Dia menceritakan kejadian krisis 1998 di Indonesia akibat adanya ketidakseimbangan keuangan nasional yang disebabkan oleh tingginya Utang Luar Negeri (ULN) swasta.
“Krisis 98 saya melihat dari ketidakseimbangan. Permasalahannya, kita melepas nilai tukar sehingga nilai tukarnya meningkat, tapi permasalahan utama adalah perusahaan-perusahaan atau real sektor itu utang dana luar negerinya berlebihan dan utang itu tidak di-hedging, sehingga terjadi ketidakseimbangan,” tuturnya, usai buka puasa bersama para jurnalis di Gedung BI, Selasa (28/6) malam.

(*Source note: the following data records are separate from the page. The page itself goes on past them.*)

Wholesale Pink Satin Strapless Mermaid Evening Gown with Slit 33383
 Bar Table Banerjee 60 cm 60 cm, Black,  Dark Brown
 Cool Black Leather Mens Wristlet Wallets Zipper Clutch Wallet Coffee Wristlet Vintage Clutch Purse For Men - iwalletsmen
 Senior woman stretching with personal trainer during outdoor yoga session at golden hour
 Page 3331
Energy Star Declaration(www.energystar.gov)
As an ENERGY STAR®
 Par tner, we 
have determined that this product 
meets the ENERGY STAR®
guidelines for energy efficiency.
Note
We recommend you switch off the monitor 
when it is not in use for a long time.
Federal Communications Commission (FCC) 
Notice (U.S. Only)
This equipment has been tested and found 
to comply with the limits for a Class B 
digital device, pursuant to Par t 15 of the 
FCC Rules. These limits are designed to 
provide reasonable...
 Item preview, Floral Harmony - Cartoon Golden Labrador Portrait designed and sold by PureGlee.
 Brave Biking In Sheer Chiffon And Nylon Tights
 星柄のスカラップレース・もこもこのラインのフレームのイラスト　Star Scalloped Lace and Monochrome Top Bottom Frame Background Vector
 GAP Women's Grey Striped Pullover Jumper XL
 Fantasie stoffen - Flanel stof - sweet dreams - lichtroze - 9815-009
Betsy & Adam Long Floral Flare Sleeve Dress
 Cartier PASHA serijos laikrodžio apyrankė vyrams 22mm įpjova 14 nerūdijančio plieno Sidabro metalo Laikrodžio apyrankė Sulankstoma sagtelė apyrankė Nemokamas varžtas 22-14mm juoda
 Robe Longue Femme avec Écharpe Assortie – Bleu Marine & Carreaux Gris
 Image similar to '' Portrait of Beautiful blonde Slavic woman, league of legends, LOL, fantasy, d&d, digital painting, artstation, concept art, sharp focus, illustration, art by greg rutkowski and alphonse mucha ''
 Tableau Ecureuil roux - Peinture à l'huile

Begitu nilai tukar meningkat, lanjut Erwin, maka jumlah utangnya jadi membengkak. Pada akhirnya perusahaan banyak yang bangkrut dan mengalami kredit macet.
“Karena kredit macet, maka Non Performing Loan (NPL) perbankan naik, karena NPL naik maka harus nambah modal, itulah awal krisis 98, jadi kita bermulanya ketidakseimbangan maka itulah sekarang yang perlu kita awasi terus,” ujarnya.
Untuk itu, dia mengingatkan bahwa kebijakan memberi kelonggaran regulasi kepemilikan asing di Indonesia merupakan ancaman bagi sistem keuangan nasional.
“Saya mengingat, kita dalam posisi susah loh. Salah satu penyebab ketidakseimbangan tentang kepemilikan asing. Coba kamu lihat dari pasar modal, 65 persen dari total administrasi. Artinya apa, begitu asing itu keluar, ya kita habis semua. kita sekarang main-main dengan api, kalau tersulut benaran kita tidak bisa mengendalikan. Padahal asing itu sangat terpengaruh sama rumor, makanya kamu (wartawan) jangan nyebar rumor yang nggak-nggak,” tandasnya sembari tertawa.
Seperti diketahui, Indonesia telah mengeluarkan peraturan baru untuk membuka sektor bisnis investor dengan cara mempermudah kepemilikan asing, Presiden Joko Widodo mengatakan kebijakan itu sebagai langkah melakukan liberalisasi ekonomi secara besar-besaran.
Keputusan presiden itu ditandatangani Jokowi pada minggu lalu, secara umum isinya mengarahkan kepada kelonggaran syarat-syarat dalam berbagai usaha termasuk pariwisata, transportasi dan bioskop.
Selain itu kelonggaran perizinan juga terjadi pada usaha di sektor jasa, ritel dan pelabuhan, meskipun peraturan diperketat pada kontrol telekomunikasi dan e-commerce.
liberalisasi ini diperkirakan bagian dari strategi Jokowi untuk memperluas sektor manufaktur dan pariwisata dalam perekonomian terbesar di Asia Tenggara untuk mengurangi ketergantungan Indonesia pada ekspor komoditas mentah.
Kemudian, peraturan baru ini mengizinkan orang asing untuk memiliki 67 persen dari department store dengan luas lantai penjualan 400 meter persegi sampai 2.000 meter persegi, padahal sebelumnya mereka hanya bisa berinvestasi di sebuah department store dengan lantai penjualan 2.000 meter persegi.
“Ini adalah pertama kalinya dalam bertahun-tahun, mungkin lebih dari 10 tahun, bahwa Indonesia telah mengambil langkah-langkah untuk membuka investasi selebar itu,” kata Direktur dari American Chamber of Commerce di Indonesia, Lin Neumann yang dilansir Aktual.com dari Reuters, Sabtu (28/5).
Dia menambahkan bahwa perusahaan-perusahaan Amerika memiliki minat investasi “Mari kita lihat bagaimana mudahnya untuk datang. Mudah-mudahan birokrasi akan merespon.” Pungkas Neumann.